Just like other artificial intelligence disciplines, computer vision has (lots of) shortcomings. For example, despite claimed high accuracy of algorithms based on deep learning for face recognition (such as DeepFace by Facebook) there could be times wherein those algorithms could not recognize even simple images. Could you imagine this deficiency was the inspiration for an art project?
Well, two German artists namely Stephan Bogner and Philipp Schmitt have tried exploring the limitations of face recognition algorithms and produce artistic portraits as a byproduct. The project is called Unseen Portraits and it uses OpenCV library to recognize faces while producing artistic photos by manipulating the original images.
The project used two computers; one for distorting the image and one for recognition. Processing and an altered version of MapMap-Vauxhall was used for image distortion. A camera was also used to film the screen that displays distorted images and stream it to the second computer. The second computer applies OpenCV algorithm for face recognition to analyze the video in real time. As you can imagine, the algorithm initially is doing pretty well but as the image is getting distorted more and more, the capability of the software lessens. After a few moments, OpenCV algorithm could no longer recognize the photo anymore. At this very moment, the software will take a screenshot and that is the unseen portrait which is essentially invisible to the computer.

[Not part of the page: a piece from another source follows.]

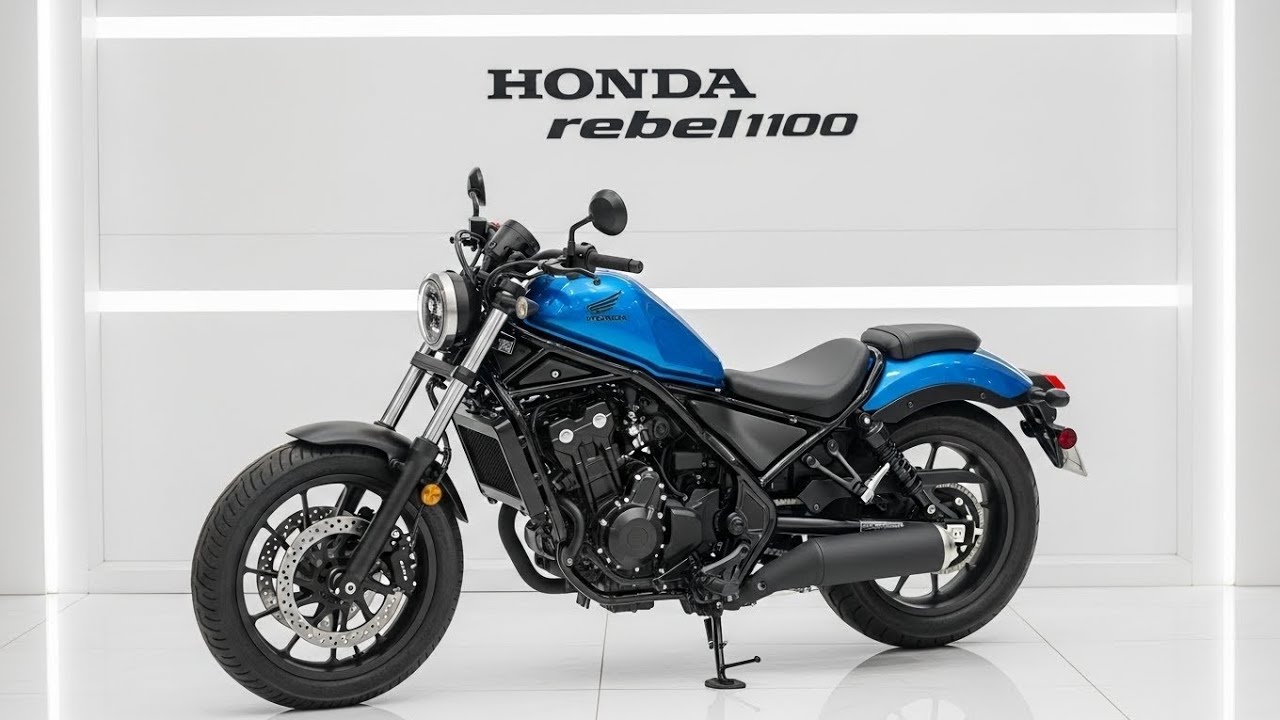 2026 Honda Rebel 1100 First Look – Power, Tech & Real-World Ride Explained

CV Dazzle has also produced a similar project. They investigated how we can conceal ourselves with the help of art in order for us to become invisible to face recognition softwares. They have teamed up with designers and stylists to trick the software. They wanted to discover how fashion could be used to camouflage from the technology of Face recognition.
The name of the CV Dazzle project was derived from the abbreviation of computer vision while Dazzle was used during WWI as a camouflage. CV Dazzle has a goal of breaking apart facial features that produces an Art that makes it unrecognizable in CV algorithms. OpenCV was also used in this project.
The difference on how humans and computers view the world was proved in these projects. The most interesting thing is that human eye (and brain) outperforms computers in recognizing distorted portraits. This fact shows that computer vision still has a lot of potential and space for improvement in the face recognition field.